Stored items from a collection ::
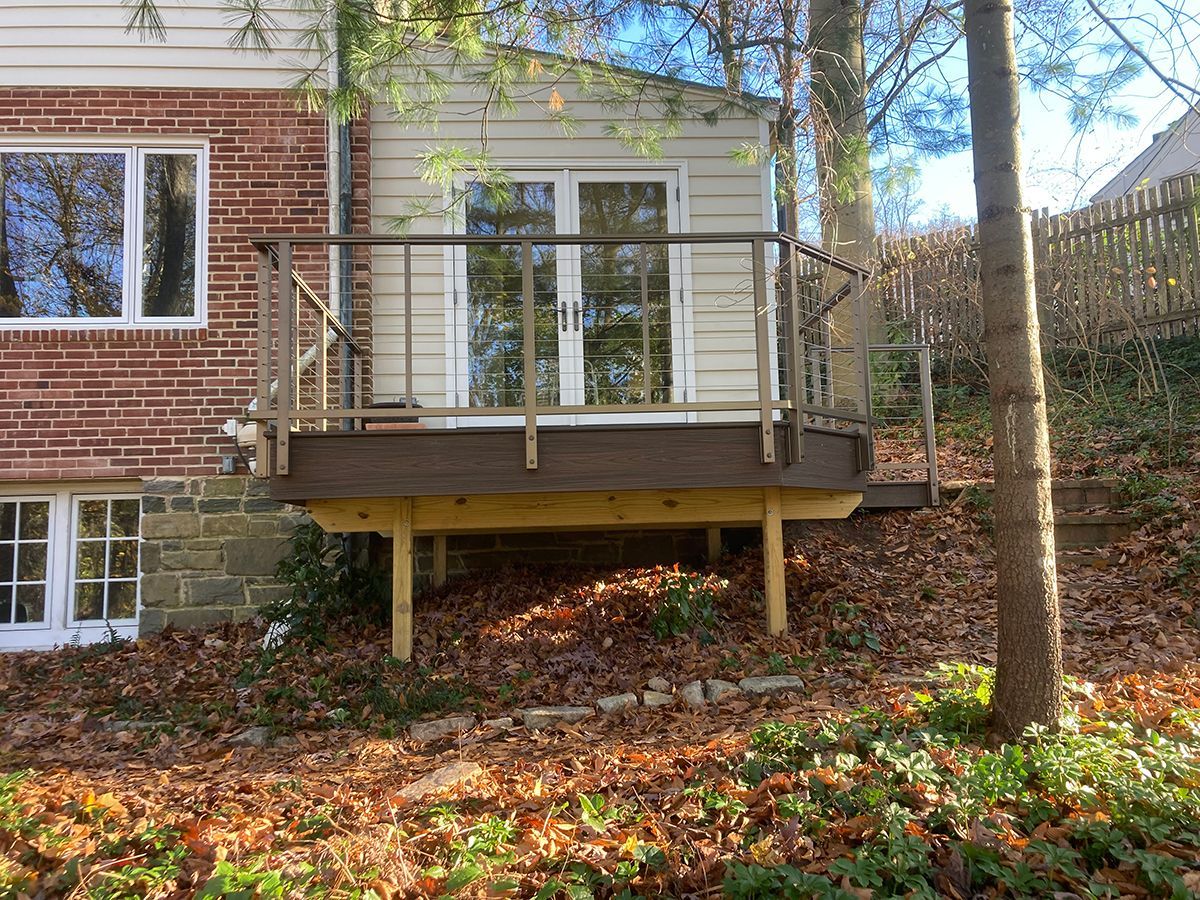 A brick house with a wooden deck in front of it.
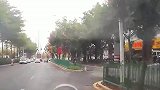白色轿车拐弯占两车道，视频车见状变道避让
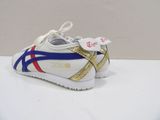 white and blue sneakers with red and blue stripes on the sole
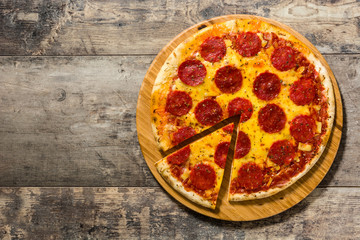 Hot italian pepperoni pizza on wooden table. Top view. Copyspace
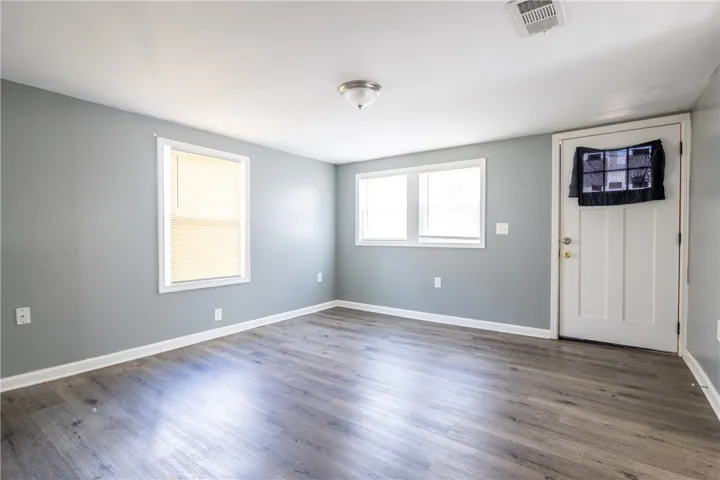 Bright and open room features durable flooring and ample natural light, ideal for various living arrangements.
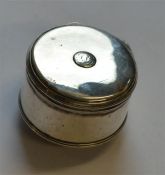 A Georgian circular box with hinged top and reeded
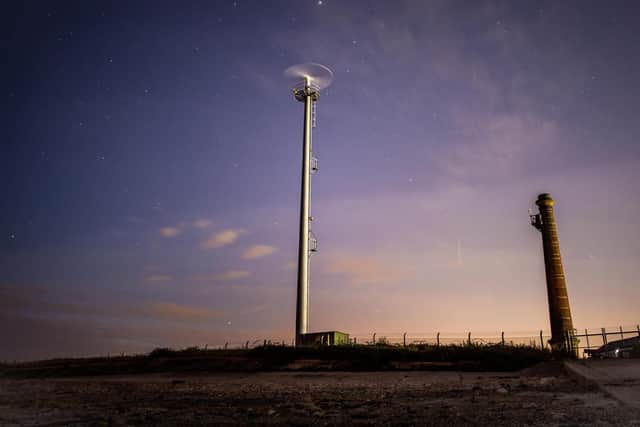 Sky shot taken at night at Eastney, with a boat finding radar and an old chimney by Sean Finch.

EXERCISE PROMPT :: Leave out each picture and extract the lines from the one containing "Bright and open" through the end of the records above, inclusive, exactly as they stand.

SOLVED EXERCISE ::
 Bright and open room features durable flooring and ample natural light, ideal for various living arrangements.
 A Georgian circular box with hinged top and reeded
 Sky shot taken at night at Eastney, with a boat finding radar and an old chimney by Sean Finch.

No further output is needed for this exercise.